Although some boutique investment banks remain, the changes at the top of Wall Street mean that federal regulators could have much more influence over the way credit is supplied in this country. For example, the Federal Reserve will now cap how much the erstwhile investment banks can borrow against the assets they hold -- in essence, preventing them from using so much borrowed money to make new investments. Such restrictions will limit both the risk they can take on and the profits they can hope to make. It’s a dicey time to clamp down on the borrowing that supplies money for loans; after all, lawmakers have been pressing banks to provide more credit with the aid they received from the Troubled Asset Relief Program, not just to solidify their balance sheets. Yet had these restrictions been in place five years ago, Wall Street wouldn’t be in such deep trouble today. Washington is likely to impose more dictates this year on the banks and Wall Street firms that received billions of TARP dollars -- a rescue effort that made taxpayers a major stakeholder in the financial industry.

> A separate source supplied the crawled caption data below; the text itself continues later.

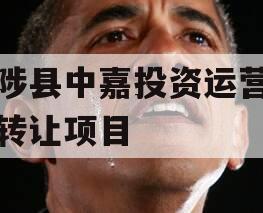 武陟县中嘉投资运营债权转让项目
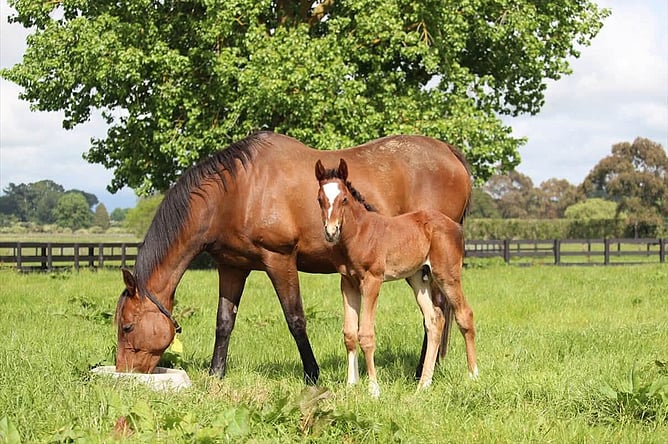 Cosmic Crusader with his mother, Cosmic Storm, at Windsor Park Stud where he was born. - Photo: supplied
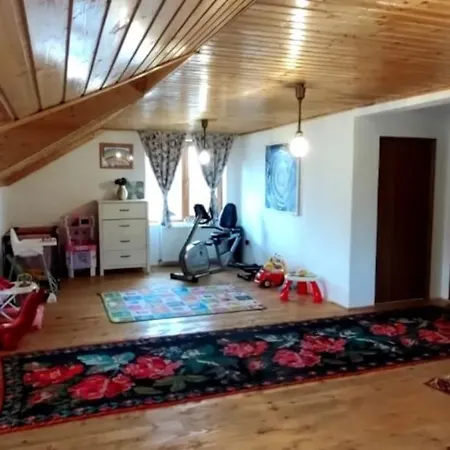 Villa “vila Anastasia” Nature - Brasov, Risnov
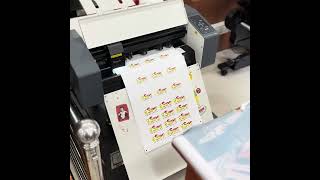 Custom Sheet Stickers  Sticker Printing  Stickomania [upl. by Lounge]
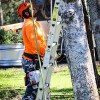 Good Guys Tree Service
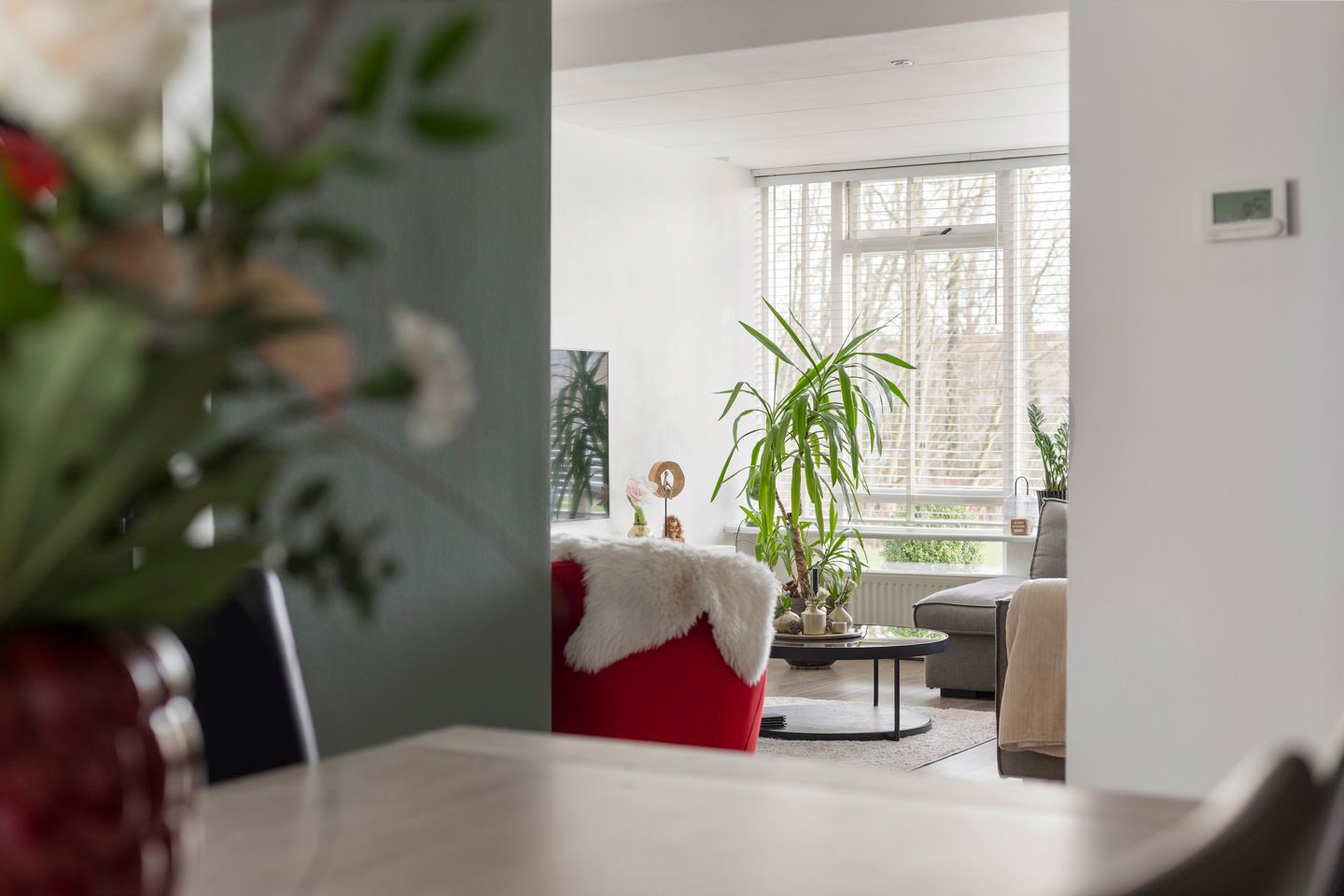 Foto 14 van Kortenaer 12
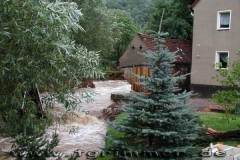 flut2002_03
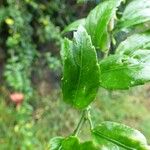 Hibiscus schizopetalus Leaf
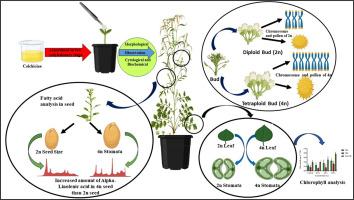 Effect of colchicine treatment and polyploidy induction on morphological, biochemical, and cytological characteristics of Lepidium sativum Linn․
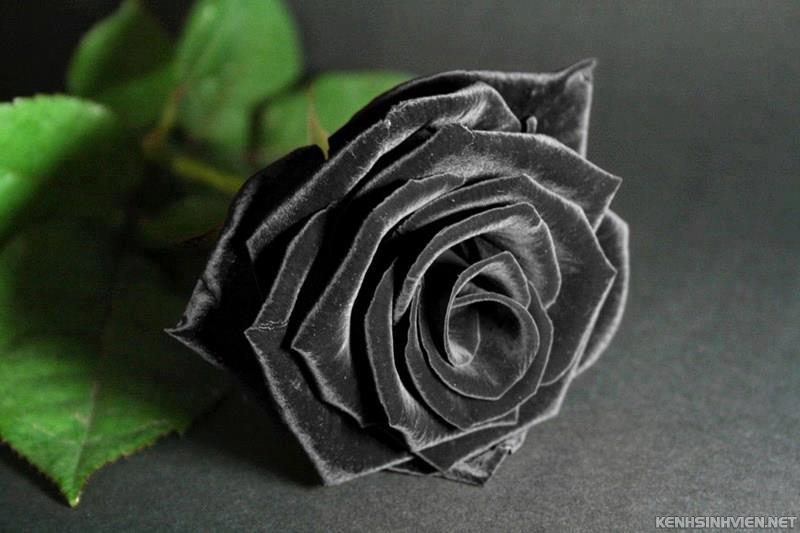 rose-black1.jpg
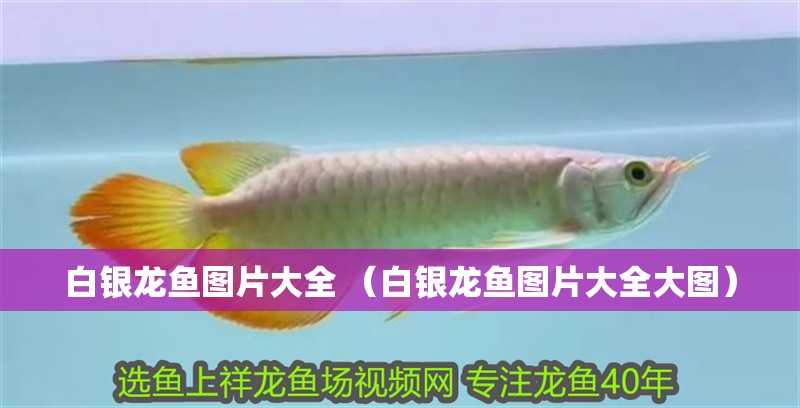白銀龍魚圖片大全 （白銀龍魚圖片大全大圖）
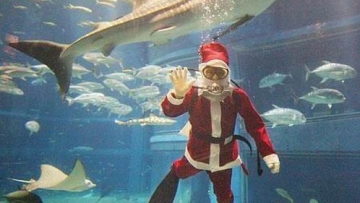 aquarium-santa6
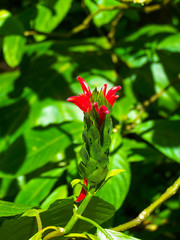 Tropical Red Ginger flower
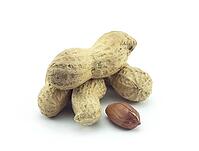 Peanut in shell on a white background [IBR124991129]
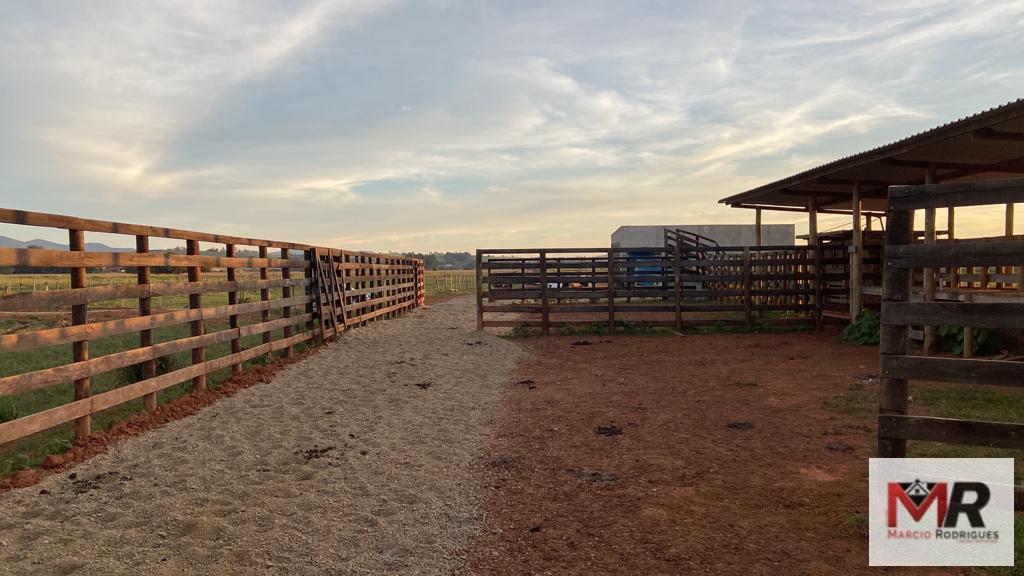 Fazenda de 175 ha em Careaçu, MG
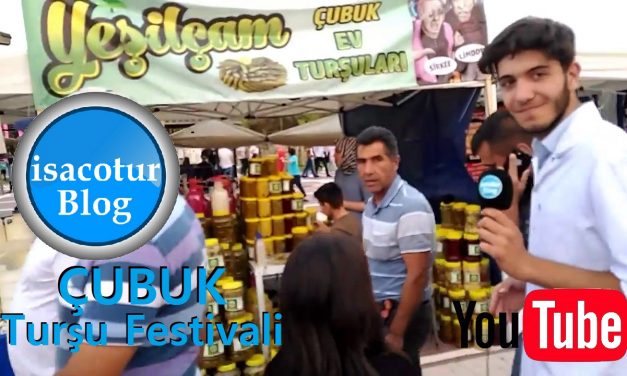 Yeşilçam Çubuk Turşuları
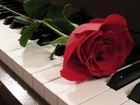 Czerwona, Róża, Fortepian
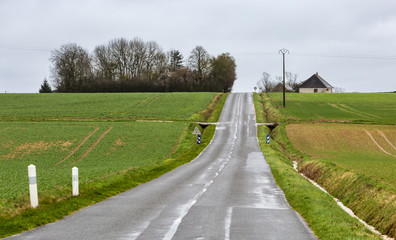 Empty Country Road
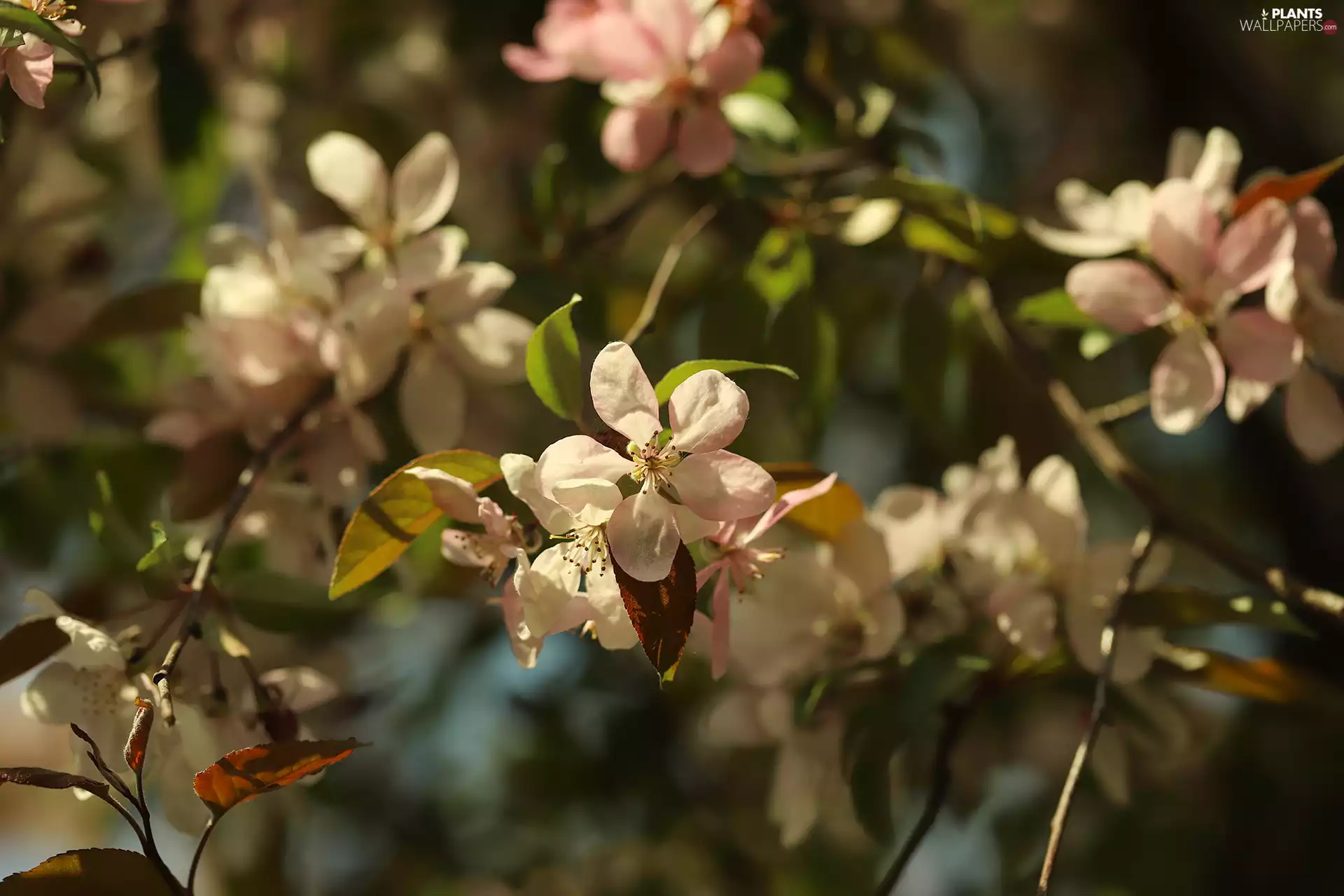 leaves, Fruit Tree, Pink, Flowers, Twigs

There certainly are steps that Congress and state legislatures should take to guard against future boom-and-bust cycles, such as the one in housing that proved so costly to the financial industry. Still, it’s worth bearing in mind that Wall Street’s meltdown was caused largely by financial offerings that were designed to reduce the risk of big losses. In the heyday of the savings and loan industry, lenders issued mortgages in the communities they served, then held onto them as investments. If the real estate market in its community tanked, the lender was in trouble. One way to mitigate that risk was to pool mortgages from multiple communities and sell them to investors. Wall Street came up with numerous variations on this theme, carving up pools into more and less risky tiers for investors seeking higher returns or more stability. It also developed techniques for guarding against losses by selling what amounted to default insurance (“credit default swaps”), as well as offering investors the chance to assume the profits -- and losses -- from this insurance (through “synthetic collateralized debt obligations”).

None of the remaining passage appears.